July 05, 2006

The BCO can't stop me

It looks like the absence of an active internet connection in the dorm is failing to prevent me from posting. Just a few thoughts…

Can my enjoyment and glorifying God be one thing and not two separate endeavors? It feels like I'm at crossroads and I can't take both roads.

I’m angry and I feel like God’s trying to tell me “Whoa kiddo! Calm down… love your enemies…” I’d really love it if He were thundering through the earth, furious at the injustice done, powerful and awesome and making every creature tremble. I don’t know, I just feel like it would help if He were angry too instead of all loving and merciful. He knows I’d murder those guys if I ever got the chance. Half-meant.

Do you think that it’s selfish for me to want to go to graduate school abroad? See July 4 post.

I love my mentor. Yeah, I have my “Oh, just leave me now” and “I don’t want to talk to you” days but she’s made of rather strong stuff. She shoots questions right at me and I have to call for another glass of water to gulp down the initial onslaught of embarrassment. But she knows so much that at the end of the day it’s just a relief that someone out there knows most of my dirt and can still say “I love you” sincerely. This always makes me think of Jesus which is always a good thing.

Does anyone want to go jogging/walking around the oval on Mondays, Wednesdays and Fridays? 6-7:30PM

Has anyone heard Rihanna’s song “Unfaithful”? Crappy lyrics but the tune is stuck in my head. I mean, if you “love” another guy, break up with your current boyfriend and spare me the theatrics of feeling bad because you’re killing him with your unfaithfulness.
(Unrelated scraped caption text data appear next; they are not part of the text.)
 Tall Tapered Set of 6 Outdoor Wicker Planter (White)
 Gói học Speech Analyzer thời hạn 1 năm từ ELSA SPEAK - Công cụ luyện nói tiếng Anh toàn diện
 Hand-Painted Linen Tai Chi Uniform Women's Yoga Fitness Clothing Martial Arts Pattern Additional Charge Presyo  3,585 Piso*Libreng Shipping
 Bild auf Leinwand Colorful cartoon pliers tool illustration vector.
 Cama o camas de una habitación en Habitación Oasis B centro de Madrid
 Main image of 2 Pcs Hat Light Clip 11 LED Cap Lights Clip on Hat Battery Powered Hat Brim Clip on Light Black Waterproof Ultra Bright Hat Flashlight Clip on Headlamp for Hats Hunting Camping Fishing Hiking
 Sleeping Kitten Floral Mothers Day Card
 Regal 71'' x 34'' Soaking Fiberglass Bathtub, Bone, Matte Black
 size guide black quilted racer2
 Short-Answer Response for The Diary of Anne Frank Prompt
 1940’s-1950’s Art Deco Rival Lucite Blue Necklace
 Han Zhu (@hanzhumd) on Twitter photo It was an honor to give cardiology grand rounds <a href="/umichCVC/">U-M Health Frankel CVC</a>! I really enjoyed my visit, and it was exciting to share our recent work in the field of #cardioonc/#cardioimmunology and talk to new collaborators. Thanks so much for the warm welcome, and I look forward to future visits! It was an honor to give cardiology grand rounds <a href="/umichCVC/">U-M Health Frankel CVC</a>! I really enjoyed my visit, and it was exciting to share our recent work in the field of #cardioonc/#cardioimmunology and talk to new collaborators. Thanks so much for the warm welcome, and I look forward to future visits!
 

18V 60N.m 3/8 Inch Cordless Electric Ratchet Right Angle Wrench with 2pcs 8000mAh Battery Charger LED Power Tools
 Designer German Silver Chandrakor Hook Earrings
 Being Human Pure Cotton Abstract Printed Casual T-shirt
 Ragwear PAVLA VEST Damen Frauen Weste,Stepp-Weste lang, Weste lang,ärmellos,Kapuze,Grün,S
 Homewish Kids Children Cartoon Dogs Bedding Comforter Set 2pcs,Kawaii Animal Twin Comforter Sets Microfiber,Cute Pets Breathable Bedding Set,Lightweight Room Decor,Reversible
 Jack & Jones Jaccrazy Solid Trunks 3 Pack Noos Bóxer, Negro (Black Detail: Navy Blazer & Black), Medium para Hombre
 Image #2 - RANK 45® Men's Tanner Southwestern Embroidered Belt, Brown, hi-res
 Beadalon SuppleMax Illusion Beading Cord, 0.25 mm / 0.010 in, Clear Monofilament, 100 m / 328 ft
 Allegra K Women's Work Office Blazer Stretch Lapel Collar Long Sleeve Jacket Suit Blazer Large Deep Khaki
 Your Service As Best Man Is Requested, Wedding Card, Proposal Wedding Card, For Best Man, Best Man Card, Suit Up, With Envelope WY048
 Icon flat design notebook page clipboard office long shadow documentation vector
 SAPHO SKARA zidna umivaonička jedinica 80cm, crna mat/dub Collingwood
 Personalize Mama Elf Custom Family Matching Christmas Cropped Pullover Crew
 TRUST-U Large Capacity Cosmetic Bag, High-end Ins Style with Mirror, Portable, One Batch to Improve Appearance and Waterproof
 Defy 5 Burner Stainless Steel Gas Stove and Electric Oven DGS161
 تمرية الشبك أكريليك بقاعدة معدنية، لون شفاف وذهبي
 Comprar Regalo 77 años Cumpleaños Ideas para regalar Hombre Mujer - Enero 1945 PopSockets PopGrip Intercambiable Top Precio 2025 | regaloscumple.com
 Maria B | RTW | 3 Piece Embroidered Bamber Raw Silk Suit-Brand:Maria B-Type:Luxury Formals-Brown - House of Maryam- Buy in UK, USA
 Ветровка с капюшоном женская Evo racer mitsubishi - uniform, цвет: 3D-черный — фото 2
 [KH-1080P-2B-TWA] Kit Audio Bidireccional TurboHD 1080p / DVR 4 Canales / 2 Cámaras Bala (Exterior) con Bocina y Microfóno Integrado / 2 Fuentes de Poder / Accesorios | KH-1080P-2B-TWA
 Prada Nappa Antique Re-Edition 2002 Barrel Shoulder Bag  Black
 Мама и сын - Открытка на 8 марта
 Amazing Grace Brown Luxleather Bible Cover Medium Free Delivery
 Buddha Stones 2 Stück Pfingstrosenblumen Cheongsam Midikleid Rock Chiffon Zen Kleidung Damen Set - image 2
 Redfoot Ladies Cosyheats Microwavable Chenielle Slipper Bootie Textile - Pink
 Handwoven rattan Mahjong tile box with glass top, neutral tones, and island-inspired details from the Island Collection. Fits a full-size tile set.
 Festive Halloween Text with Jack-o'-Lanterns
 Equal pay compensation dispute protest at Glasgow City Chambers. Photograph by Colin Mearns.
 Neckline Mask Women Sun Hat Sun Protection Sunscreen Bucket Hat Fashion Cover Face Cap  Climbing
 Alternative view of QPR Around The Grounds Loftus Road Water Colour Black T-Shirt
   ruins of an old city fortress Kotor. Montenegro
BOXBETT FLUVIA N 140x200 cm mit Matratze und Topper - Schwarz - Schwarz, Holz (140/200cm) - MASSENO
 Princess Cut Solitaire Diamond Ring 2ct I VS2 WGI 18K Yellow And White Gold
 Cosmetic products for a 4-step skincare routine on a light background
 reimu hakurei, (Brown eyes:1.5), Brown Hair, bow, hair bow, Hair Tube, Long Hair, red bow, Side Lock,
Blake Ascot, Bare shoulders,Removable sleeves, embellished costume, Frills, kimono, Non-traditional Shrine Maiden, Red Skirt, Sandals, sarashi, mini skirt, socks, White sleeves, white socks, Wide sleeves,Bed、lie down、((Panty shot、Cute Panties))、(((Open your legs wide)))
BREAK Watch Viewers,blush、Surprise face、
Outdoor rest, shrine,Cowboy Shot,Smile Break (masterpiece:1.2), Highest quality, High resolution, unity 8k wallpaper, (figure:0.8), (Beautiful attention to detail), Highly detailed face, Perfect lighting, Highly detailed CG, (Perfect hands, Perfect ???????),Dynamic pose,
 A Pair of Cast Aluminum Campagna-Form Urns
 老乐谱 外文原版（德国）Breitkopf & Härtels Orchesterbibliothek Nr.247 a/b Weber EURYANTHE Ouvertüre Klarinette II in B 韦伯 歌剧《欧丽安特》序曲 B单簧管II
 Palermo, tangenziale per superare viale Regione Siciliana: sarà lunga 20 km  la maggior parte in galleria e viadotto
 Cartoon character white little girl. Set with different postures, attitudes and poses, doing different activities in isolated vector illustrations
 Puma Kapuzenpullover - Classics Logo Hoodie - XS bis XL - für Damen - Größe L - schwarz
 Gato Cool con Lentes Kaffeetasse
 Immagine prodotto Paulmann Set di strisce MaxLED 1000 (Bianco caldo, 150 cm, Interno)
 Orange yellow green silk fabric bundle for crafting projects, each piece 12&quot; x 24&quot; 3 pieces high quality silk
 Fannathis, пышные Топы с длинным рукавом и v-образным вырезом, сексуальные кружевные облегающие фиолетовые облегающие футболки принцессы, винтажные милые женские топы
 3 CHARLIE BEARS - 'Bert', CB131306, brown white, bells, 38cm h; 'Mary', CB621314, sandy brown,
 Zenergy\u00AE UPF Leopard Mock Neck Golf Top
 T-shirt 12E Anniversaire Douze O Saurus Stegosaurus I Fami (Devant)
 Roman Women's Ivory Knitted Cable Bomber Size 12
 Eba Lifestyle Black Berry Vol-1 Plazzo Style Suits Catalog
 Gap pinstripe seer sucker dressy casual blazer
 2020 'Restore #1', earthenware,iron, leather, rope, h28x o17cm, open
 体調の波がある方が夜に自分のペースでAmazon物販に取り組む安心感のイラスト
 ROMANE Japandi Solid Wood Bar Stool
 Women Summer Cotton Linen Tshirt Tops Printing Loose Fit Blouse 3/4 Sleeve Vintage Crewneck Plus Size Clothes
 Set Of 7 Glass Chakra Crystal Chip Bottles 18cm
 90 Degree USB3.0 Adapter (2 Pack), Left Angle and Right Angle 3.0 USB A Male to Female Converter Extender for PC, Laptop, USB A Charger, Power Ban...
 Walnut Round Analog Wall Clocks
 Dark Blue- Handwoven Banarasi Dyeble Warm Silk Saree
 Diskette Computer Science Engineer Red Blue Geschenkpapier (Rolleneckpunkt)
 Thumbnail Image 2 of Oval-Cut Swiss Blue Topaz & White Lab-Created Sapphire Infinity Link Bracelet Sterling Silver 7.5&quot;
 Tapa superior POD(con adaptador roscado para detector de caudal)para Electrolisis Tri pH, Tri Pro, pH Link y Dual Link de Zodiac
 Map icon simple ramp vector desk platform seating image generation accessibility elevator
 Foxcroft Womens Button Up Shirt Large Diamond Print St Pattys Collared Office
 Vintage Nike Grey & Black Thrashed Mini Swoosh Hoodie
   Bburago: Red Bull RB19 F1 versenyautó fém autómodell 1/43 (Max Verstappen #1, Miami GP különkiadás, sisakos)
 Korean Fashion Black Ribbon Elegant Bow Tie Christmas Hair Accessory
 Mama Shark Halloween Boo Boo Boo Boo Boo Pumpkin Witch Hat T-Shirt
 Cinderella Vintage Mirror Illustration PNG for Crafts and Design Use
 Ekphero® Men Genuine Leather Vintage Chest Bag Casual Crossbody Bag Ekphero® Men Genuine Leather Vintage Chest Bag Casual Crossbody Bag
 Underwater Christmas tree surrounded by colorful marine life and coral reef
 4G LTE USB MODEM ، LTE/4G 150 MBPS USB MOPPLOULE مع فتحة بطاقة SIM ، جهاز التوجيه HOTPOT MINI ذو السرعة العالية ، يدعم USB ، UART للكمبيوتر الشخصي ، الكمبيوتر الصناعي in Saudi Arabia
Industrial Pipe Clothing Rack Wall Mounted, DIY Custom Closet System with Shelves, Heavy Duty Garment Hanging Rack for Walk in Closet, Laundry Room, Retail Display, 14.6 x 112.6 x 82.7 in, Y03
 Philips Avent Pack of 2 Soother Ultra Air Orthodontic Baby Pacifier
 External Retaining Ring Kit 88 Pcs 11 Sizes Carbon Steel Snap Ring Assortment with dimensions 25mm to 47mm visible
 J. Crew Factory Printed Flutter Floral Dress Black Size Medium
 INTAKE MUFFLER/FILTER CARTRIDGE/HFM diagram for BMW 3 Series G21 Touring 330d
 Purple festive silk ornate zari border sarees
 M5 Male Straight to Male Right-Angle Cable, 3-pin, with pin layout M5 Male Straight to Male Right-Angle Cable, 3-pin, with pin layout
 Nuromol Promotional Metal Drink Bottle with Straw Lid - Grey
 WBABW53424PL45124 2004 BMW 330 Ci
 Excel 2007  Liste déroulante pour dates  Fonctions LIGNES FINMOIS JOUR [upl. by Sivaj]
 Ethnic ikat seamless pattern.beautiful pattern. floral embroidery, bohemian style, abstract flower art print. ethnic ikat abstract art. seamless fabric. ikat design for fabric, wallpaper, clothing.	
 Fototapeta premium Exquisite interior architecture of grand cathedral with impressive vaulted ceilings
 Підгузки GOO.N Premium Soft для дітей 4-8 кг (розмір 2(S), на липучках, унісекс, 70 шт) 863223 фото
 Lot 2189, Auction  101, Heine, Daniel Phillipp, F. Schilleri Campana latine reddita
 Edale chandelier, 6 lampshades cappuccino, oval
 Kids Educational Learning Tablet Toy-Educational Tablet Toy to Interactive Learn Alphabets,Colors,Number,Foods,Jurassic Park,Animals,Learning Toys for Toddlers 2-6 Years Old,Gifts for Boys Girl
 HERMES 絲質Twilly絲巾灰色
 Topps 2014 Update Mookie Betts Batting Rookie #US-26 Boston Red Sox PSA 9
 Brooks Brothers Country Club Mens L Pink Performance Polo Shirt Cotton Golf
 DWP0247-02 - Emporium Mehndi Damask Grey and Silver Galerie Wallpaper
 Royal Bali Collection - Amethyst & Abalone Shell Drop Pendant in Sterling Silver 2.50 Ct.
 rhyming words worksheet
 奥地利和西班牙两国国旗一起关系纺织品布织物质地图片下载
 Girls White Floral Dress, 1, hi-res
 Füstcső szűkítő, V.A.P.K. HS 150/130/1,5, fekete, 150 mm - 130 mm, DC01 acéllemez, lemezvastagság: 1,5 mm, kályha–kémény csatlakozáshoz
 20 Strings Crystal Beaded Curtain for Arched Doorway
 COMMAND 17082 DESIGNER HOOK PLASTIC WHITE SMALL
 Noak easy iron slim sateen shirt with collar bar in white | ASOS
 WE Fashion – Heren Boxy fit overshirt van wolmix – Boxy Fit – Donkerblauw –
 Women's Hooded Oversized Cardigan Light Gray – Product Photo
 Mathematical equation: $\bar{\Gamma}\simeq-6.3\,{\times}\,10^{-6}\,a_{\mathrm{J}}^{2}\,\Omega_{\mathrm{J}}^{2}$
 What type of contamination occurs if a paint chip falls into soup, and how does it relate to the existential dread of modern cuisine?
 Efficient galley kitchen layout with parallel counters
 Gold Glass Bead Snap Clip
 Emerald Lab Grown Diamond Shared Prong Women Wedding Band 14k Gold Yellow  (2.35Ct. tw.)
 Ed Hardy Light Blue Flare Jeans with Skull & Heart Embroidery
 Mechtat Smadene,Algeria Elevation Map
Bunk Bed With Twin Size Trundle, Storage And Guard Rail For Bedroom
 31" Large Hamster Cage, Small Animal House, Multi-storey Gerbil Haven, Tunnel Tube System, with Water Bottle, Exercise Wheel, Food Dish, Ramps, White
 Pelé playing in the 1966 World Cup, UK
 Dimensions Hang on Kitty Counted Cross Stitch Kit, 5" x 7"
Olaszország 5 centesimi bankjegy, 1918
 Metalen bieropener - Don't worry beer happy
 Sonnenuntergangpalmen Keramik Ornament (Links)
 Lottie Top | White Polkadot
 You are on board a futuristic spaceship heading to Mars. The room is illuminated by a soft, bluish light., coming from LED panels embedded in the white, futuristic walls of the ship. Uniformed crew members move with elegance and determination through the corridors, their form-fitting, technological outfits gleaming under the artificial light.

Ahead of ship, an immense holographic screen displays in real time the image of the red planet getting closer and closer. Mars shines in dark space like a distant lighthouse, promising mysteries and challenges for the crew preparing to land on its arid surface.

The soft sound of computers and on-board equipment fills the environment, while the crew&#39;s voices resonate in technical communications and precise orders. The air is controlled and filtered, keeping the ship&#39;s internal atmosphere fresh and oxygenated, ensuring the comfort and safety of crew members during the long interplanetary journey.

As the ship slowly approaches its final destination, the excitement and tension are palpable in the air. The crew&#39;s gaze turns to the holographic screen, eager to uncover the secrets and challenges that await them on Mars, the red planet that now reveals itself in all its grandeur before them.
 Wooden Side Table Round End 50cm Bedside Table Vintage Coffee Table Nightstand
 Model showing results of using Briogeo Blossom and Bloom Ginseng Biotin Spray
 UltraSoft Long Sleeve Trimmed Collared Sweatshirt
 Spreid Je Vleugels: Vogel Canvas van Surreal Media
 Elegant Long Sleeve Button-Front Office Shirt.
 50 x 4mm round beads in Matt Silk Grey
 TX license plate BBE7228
You know you have really cool friends when you ask them for yearbook testimonials and they say you’re a good friend, an intellectual and a Christian instead of saying how bad you are at relationships, how you make no sense at all and how truly depraved you are. Their views are very different from mine I guess. Thanks to Nellie, Joy, Rina, Gee, Apple, Jojee, and Janna.

With the exemption of getting really unlucky in my Stat 138 class (where the professor will grill you and only you for the entire class), life is monotonous. All I get to do is go to class, go back to the dorm and study (or sleep) and sit here in front of a computer and whine. Well, at least now I know why I go so crazy when I get the chance to let loose. There’s a lot of wild under this quiet exterior.

You know, it’d be nice to have someone there for you for a really long time. I feel like there’s an entire parade of people walking in and out of my life. It’s getting really old but it’s not getting any easier. Last night, Gillian (roommate) told me that a person who will always be there for you just doesn’t exist. Great. I guess I have to get used to the perpetual, inevitable flow then. Oh Lord, I miss them all.